* Extracted records *
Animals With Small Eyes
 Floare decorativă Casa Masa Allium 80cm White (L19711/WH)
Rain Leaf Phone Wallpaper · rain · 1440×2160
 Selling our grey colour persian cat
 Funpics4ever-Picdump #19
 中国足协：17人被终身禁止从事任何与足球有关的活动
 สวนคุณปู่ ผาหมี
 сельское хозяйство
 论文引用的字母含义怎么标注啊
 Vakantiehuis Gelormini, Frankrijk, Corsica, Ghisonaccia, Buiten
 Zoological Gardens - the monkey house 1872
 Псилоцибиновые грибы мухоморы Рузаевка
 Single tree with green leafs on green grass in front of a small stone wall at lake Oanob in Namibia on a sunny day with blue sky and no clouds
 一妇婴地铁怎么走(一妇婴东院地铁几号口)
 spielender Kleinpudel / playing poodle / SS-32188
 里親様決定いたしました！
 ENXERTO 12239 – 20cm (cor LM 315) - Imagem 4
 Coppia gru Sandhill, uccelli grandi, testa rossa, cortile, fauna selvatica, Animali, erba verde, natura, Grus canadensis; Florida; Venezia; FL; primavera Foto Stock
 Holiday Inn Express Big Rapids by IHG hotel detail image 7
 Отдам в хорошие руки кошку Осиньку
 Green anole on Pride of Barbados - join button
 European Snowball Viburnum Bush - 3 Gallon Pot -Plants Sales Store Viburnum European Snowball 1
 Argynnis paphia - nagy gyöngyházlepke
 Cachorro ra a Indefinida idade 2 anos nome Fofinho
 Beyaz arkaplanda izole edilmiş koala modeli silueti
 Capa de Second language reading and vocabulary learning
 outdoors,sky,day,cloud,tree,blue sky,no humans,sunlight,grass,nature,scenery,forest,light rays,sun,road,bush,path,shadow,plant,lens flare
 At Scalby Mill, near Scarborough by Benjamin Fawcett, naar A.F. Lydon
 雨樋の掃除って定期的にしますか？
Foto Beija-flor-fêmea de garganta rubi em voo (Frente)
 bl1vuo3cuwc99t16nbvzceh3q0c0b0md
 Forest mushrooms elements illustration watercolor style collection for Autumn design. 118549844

* Task goal *
Exact copies of the lines from the one containing "Rain Leaf Phone Wallpaper · rain · 1440×2160" through the final line of the records are all the answer should hold.

* Output of the task *
Rain Leaf Phone Wallpaper · rain · 1440×2160
 Selling our grey colour persian cat
 Funpics4ever-Picdump #19
 中国足协：17人被终身禁止从事任何与足球有关的活动
 สวนคุณปู่ ผาหมี
 сельское хозяйство
 论文引用的字母含义怎么标注啊
 Vakantiehuis Gelormini, Frankrijk, Corsica, Ghisonaccia, Buiten
 Zoological Gardens - the monkey house 1872
 Псилоцибиновые грибы мухоморы Рузаевка
 Single tree with green leafs on green grass in front of a small stone wall at lake Oanob in Namibia on a sunny day with blue sky and no clouds
 一妇婴地铁怎么走(一妇婴东院地铁几号口)
 spielender Kleinpudel / playing poodle / SS-32188
 里親様決定いたしました！
 ENXERTO 12239 – 20cm (cor LM 315) - Imagem 4
 Coppia gru Sandhill, uccelli grandi, testa rossa, cortile, fauna selvatica, Animali, erba verde, natura, Grus canadensis; Florida; Venezia; FL; primavera Foto Stock
 Holiday Inn Express Big Rapids by IHG hotel detail image 7
 Отдам в хорошие руки кошку Осиньку
 Green anole on Pride of Barbados - join button
 European Snowball Viburnum Bush - 3 Gallon Pot -Plants Sales Store Viburnum European Snowball 1
 Argynnis paphia - nagy gyöngyházlepke
 Cachorro ra a Indefinida idade 2 anos nome Fofinho
 Beyaz arkaplanda izole edilmiş koala modeli silueti
 Capa de Second language reading and vocabulary learning
 outdoors,sky,day,cloud,tree,blue sky,no humans,sunlight,grass,nature,scenery,forest,light rays,sun,road,bush,path,shadow,plant,lens flare
 At Scalby Mill, near Scarborough by Benjamin Fawcett, naar A.F. Lydon
 雨樋の掃除って定期的にしますか？
Foto Beija-flor-fêmea de garganta rubi em voo (Frente)
 bl1vuo3cuwc99t16nbvzceh3q0c0b0md
 Forest mushrooms elements illustration watercolor style collection for Autumn design. 118549844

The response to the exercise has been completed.